2019-02-05 18:05:48 INFO     Test logging #1
2019-02-05 18:05:48 INFO     Client STS #1: <botocore.client.STS object at 0x7fd671f182b0>
2019-02-05 18:06:13 INFO     Account ID #1: ACCOUNT_ID
2019-02-05 18:06:39 INFO     Account ID #2: ACCOUNT_ID_2
2019-02-05 18:06:39 INFO     ECR CLIENT: <botocore.client.ECR object at 0x7fd671d7e240>

debug/store endpoint when working:

curl -s http://127.0.0.1:8181/debug/store | jq '.'
{
  "namespaceByIP": {
    "XXX.YYY.0.1": "default"
  },
  "rolesByIP": {
    "XXX.YYY.0.1": "arn:aws:iam::ACCOUNT_ID:role/my-role"
  },
  "rolesByNamespace": {
    "222-iop-correction-qual-ksl": null,
    ....
    "weave": null
  }
}

Are the pods that are failing "stable" or are they undergoing lifecycle changes? They are transiting from Pending to Running. But that also seems to fail when running.
Are all of these GETs for the same pod? The logs in this comment are captured from a tainted node. There is only few daemonset running on this node and only my app's pod running why a kube2iam annotation role.
Are the Pod OnUpdate statements related to that pod? Yes, for this comment.

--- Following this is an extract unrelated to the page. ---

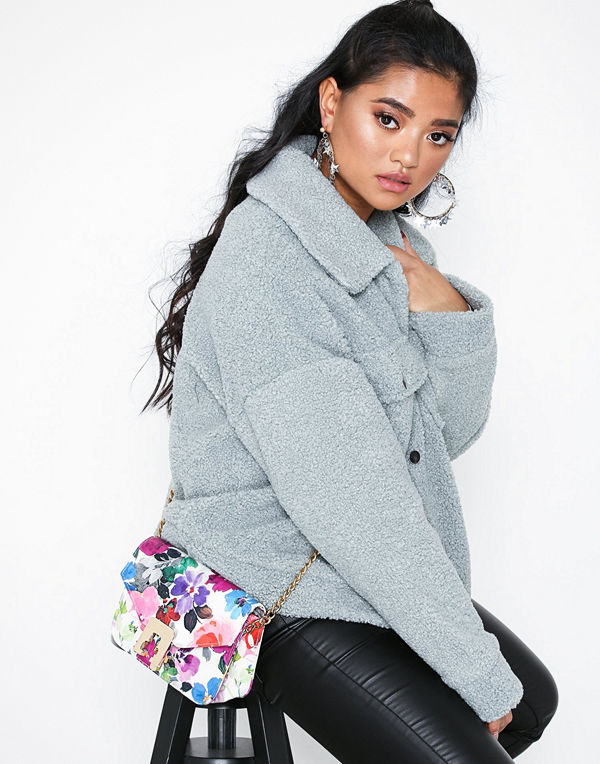 Vero Moda mönstrad axelväska Vmbina Cross Over Bag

JessieAMorris commented 5 years ago

I'm getting the same error on 2 different EKS clusters. I had this error on k8s nodes 1.10.3 and now 1.10.11. This seems to work fine for some period of time and then all newly created pods fail. I.e. after 24 hours or so of a node running then newly fetched credentials fail.

garo commented 5 years ago

We had one incident today with the 0.10.6, downgrading back to 0.10.4. Running EKS with 1.10.3.

I have an entrypoint script in the pod which polls the kube2iam metadata api until the credentials are associated and executes the actual pod command only after that. In our single case this bootstrap script never finished, so the bug was there "right from the pod startup" from my point of view.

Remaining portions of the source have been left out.